The U.S. has provided about $11 billion to Pakistan since 2001, when
Pakistan's president, Gen. Pervez Musharraf, made a strategic shift to
ally with the United States after the Sept. 11 attacks.

"Some of the aid that goes to Pakistan is directly related to the
counterterrorism mission," Rice told reporters traveling with her. "We
just have to review the situation. But I would be very surprised if
anyone wants the president to ignore or set aside our concerns about
terrorism," Rice said.

The top U.S. diplomat said she had not spoken directly with Musharraf
since he announced what she called "extraconstitutional" moves on
Saturday. In addition to suspending the constitution, he ousted the
country's top judge and deployed troops to fight what he called rising
Islamic extremism.

"I'm disappointed in his decision, sure," Rice said. "I think his
decision sets Pakistan back in the considerable progress it made
toward democratic change."

After hearing word of the U.S. review, Sen. Joe Biden, chairman of the
Senate Foreign Relations Committee, said, "I would be on the phone
with Musharraf making it clear to him that there's a price to pay if
he does not rectify what he's just done."

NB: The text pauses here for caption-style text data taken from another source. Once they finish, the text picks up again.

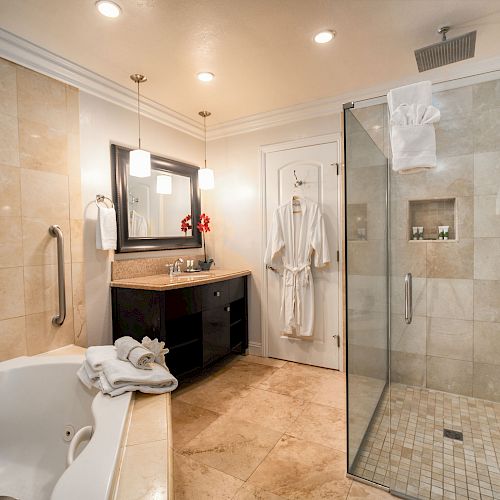 A modern bathroom with a glass shower, bathtub, vanity with sink, towels, and bathrobes hanging by the door, featuring neutral tones.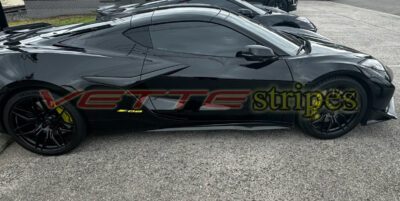 Black Z06 Corvette with accelerate yellow Z06 emblem overlay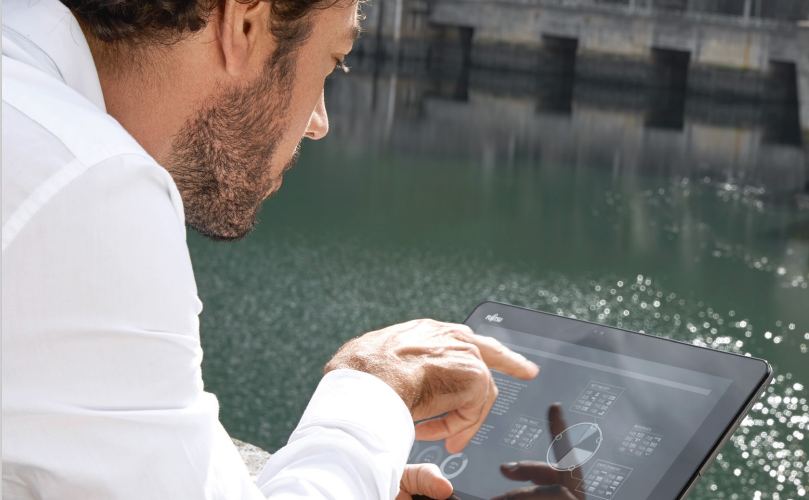  A man looking at a tablet near a lake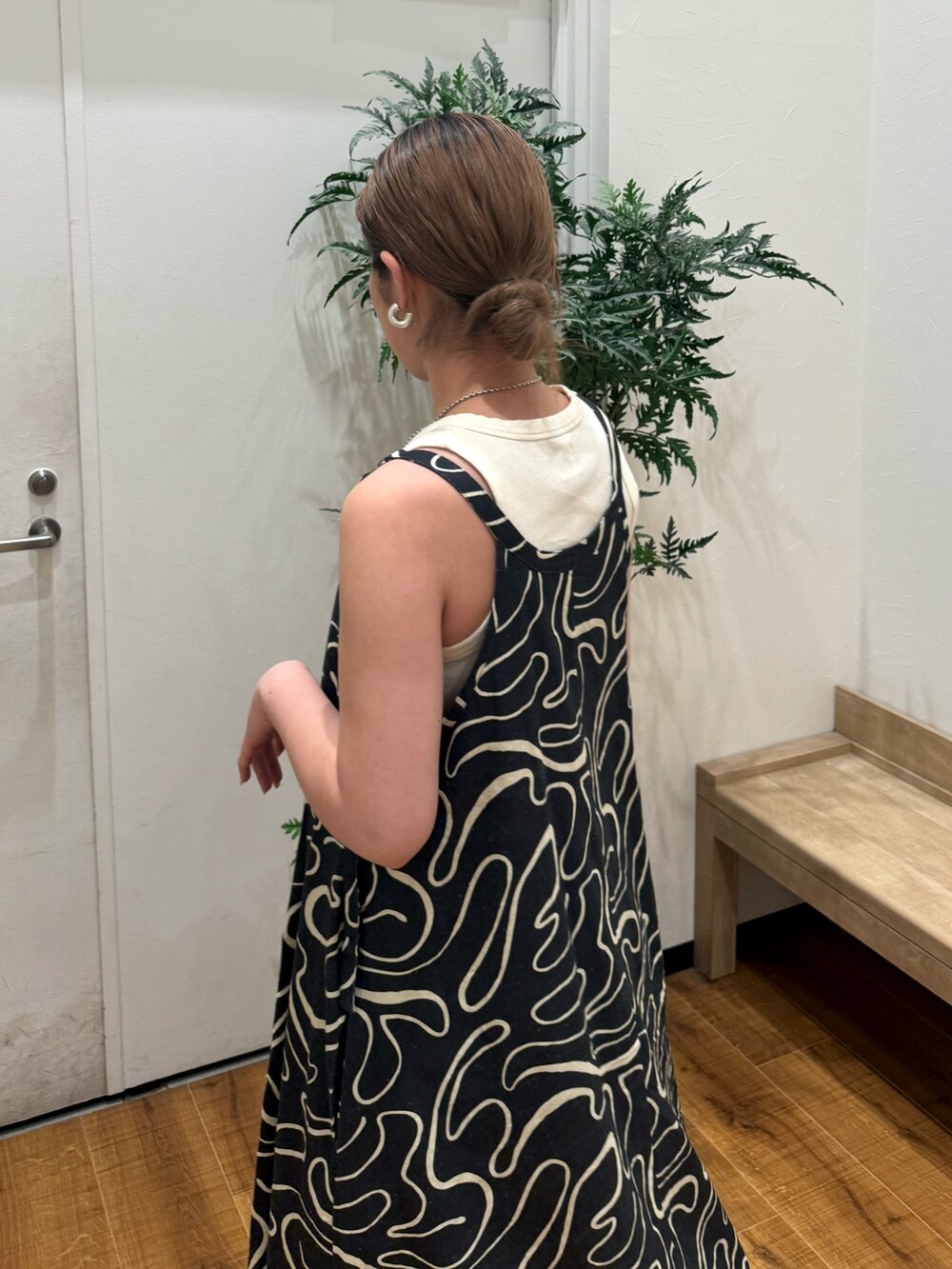 ホワイト系のタンクトップ、ブラック系のサンダル、ブルー系のデニムパンツを着用したレディースの夏コーディネートの6枚目の写真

After Musharraf imposed a state of emergency, the Pentagon said the
declaration did not affect U.S. military support of Pakistan.

The review cited by Rice would look in part at whether some current
aid cannot continue because of U.S. legal restrictions that set
conditions for governments to receive money. That probably would cover
only a small amount of the total aid, which now runs to about $150
million each month.

The Center for Strategic and International Studies reported in August
that less than 10 percent of the aid bill since 2001 has paid for
economic and social projects.

Rice promoted such assistance, particularly for education, when she
told reporters that the U.S. has looked beyond Musharraf and made a
choice to support what had seemed to be an increasingly democratic
nation at a critical time.

"The United States did not put all its chips on Musharraf," Rice said.

Biden, D-Del., said an aid review was appropriate, but that the
administration has embraced policies that limit its options.

"I don't that they have any notion of what they're going to do right
now," he said. "This administration has a Musharraf policy, not a
Pakistan policy. It's tied to Musharraf and it's hands are pretty well
tied right now," said Biden, who is running for president in 2008.

"This is the most dangerous and complex relationship that we have and
we have a huge stake ... in seeing to it that the moderate majority in
Pakistan have a political outlet," he added. "Absent that political
outlet, what I worry about is they will join in league with the
extremists," citing what happened with Iran in 1979 when the shah was
overthrown and an Islamic theocracy set up.

Speaking of Pakistan, Afghanistan and Iran, Biden said "all these dots
are connected" and the administration "doesn't have a policy. It has a
Musharraf policy but it doesn't have a policy relative to Pakistan and
how it affects everything else in the region."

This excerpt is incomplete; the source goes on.